On the first day of class, we discussed the need to grapple different disciplines of knowledge simultaneously in order to form a consilient understanding of any legal problem. Eben hypothesized that creative thinking and ideas are generated through this challenging process, and embracing it would make us better lawyers who saw past the immediacy of the black letter law and thought deeper in time.
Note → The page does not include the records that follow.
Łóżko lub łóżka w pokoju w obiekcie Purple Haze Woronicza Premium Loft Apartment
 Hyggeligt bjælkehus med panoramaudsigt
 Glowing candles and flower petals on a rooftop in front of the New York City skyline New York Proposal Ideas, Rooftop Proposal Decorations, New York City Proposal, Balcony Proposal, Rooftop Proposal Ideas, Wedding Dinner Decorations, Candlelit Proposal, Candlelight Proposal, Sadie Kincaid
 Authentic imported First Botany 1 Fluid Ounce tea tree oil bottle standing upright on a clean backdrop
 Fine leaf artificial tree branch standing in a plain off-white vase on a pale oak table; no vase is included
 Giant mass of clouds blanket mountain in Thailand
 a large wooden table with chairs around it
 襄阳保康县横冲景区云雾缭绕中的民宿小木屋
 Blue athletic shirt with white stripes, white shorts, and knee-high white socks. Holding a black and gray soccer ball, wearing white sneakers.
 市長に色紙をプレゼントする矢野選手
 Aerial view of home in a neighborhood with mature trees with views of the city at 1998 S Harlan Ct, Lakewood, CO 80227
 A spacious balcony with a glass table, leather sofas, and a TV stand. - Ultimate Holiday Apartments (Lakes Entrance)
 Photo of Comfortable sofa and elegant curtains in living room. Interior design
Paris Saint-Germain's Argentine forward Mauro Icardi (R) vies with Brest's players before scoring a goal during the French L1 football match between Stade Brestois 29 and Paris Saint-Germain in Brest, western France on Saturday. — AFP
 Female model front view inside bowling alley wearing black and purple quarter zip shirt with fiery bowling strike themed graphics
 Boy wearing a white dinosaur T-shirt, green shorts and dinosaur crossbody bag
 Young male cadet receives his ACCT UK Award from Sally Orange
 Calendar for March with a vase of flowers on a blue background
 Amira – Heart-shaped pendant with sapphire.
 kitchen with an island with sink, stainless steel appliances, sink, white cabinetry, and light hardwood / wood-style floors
Despite my best efforts, I was struggling to apply those concepts to law school. I understood all the little bits and pieces of information as they flew at me, but the beast itself, the Law, was always out of my grasp. And how could I have comprehended it? As I discovered two days ago, I was deep in the thicket with both my eyes scratched out, and lacked both the sight, and insight to know what was happening to me.

Poetry for the Blinded

K. N. Llewellyn's chapter titled "And Law School Offers What?" from his book The Bramble Bush fell into my lap during a lunch event and changed that. Llewellyn opens his piece with a poem:

"There was a man in our town

And he was wond'rous wise;

He jumped into a bramble bush

And scratched out both his eyes.

And when he saw his eyes were out,

With all his might and main

He jumped into another bush

And scratched them in again!"

This odd verse left me with insight that had eluded me for too long. In some sense the bush was about law school, and in another, it was about how to approach the lifelong study of law. On a deeper level, the bush was life itself. Until this realization I was playing around with the inputs and plugging them into formulae expecting certain outputs, and every time the process failed me. Our legal system continued to make little sense and there was no help in sight. But how could I have known without Llewellyn that I was supposed to jump out first? The method to the madness, was that the method was the madness, and the madness in turn spawned the method. "No cure for law but more law," as Llewellyn put so beautifully.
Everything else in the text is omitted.